Aparte de un brillo de sudor en la frente porque era verano y los veranos en Lyon son muy calurosos, la coreana parecía no sentir ningún tipo de incomodidad ni nada como si aquella historia horrible, y ese calor insoportable fueran su cotidiano. Yo por el contrario notaba mi vientre como si me hubieran revuelto ahí todo el contenido con una hormigonera.

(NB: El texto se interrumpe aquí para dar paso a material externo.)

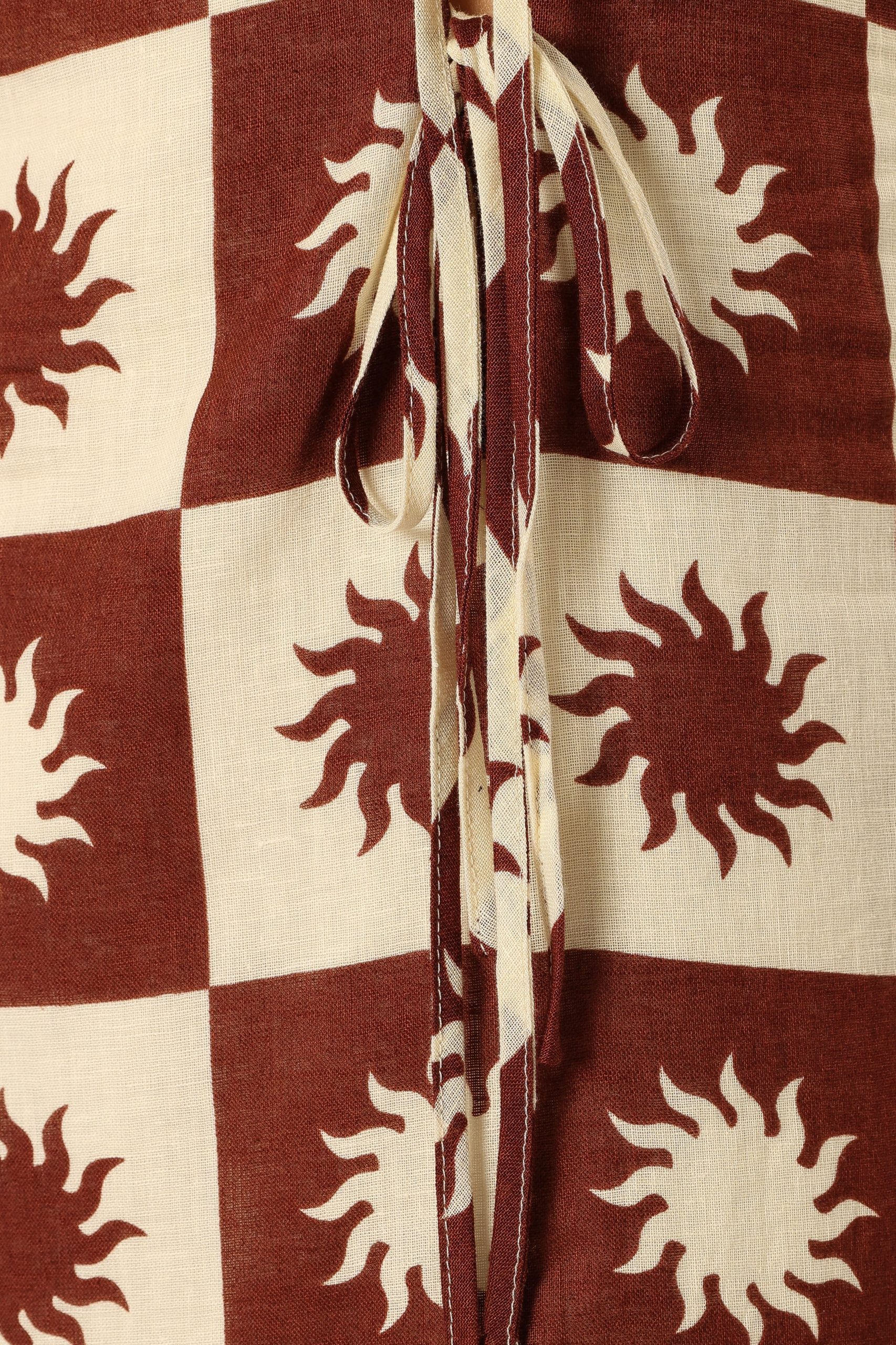 Carson Midi Dress - Brown Cream - Image 8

Poco más recuerdo de aquel curso de francés. El último día hicimos actividades al aire libre en el parque de la Tête d’Or y tuve la oportunidad de establecer un poco más de conversaciones espontáneas en francés. Al final fuimos a tomar algo con el profe cinéfilo. Consciente de que ya no volvería a ver a ninguno de ellos, y que quizá había algún alma interesante detrás de aquella conversación superficial, pasé un papelucho rescatado de mi bolsillo en el que anoté mi alias de facebook (erróneo, por despiste) y mi número de teléfono, la gente se lo apuntó (o no) aunque algunos se autoproclamaron no-usuarios de facebook o tener una cuenta pero casi nunca usarla.
Así que aquel curso terminó y luego seguí aprendiendo francés viendo las noticias en internet y pasando algún tiempo en sitios web interactivos, y fracasando entrevistas de trabajo. Entre tanto, esos días me dedicaba a corregir o a terminar de escribir una novela incorregible, y también me gustaba salir a caminar por las calles de Lyon, correr a lo largo del Ródano desde la Croix Rousse hasta la Guillotière, me imaginaba hacerme youtuber, o se me ocurrían ideas de negocio irrealizables, y me daba por aprender programación informática.
Un día recibí una llamada. Vous vous etes trompé, dije, usted se ha equivocado. La voz se disculpó y se despidió.
¿Quién era? En ese momento no supe de quién se trataba. Pero tan solo unos minutos más tarde me di cuenta del error: era la coreana. Por alguna razón —quizá cultural— no comenzó la llamada preguntando por mí, sino que empezó presentándose: “soy...” su nombre no lo recuerdo y evidentemente en ese momento ese nombre no me decía absolutamente nada. Nunca la llamé de vuelta, no sé por qué. Quizá me había acomodado a no tener amigos, a no ver a nadie. Quizá mi condición de inmigrante desempleado no me autorizaba a relacionarme con estudiantes internacionales. Quizá no tenía nada interesante que contar. Quizá simplemente me parecía que requería un gran esfuerzo en vano.